**What you will do**: Range to reproduce from the entries below: the line with "Schneekugel Glimmerkugel Glücksschweinchen", the line with "ミディアム 山本 望華のヘアスタイル", and every line in between. Give them exactly and give nothing else.

**Records provided**:
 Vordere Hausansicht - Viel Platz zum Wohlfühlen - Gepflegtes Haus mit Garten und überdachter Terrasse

...

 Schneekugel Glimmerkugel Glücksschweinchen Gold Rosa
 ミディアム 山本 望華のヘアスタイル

**Task response**:
 Schneekugel Glimmerkugel Glücksschweinchen Gold Rosa
 ミディアム 山本 望華のヘアスタイル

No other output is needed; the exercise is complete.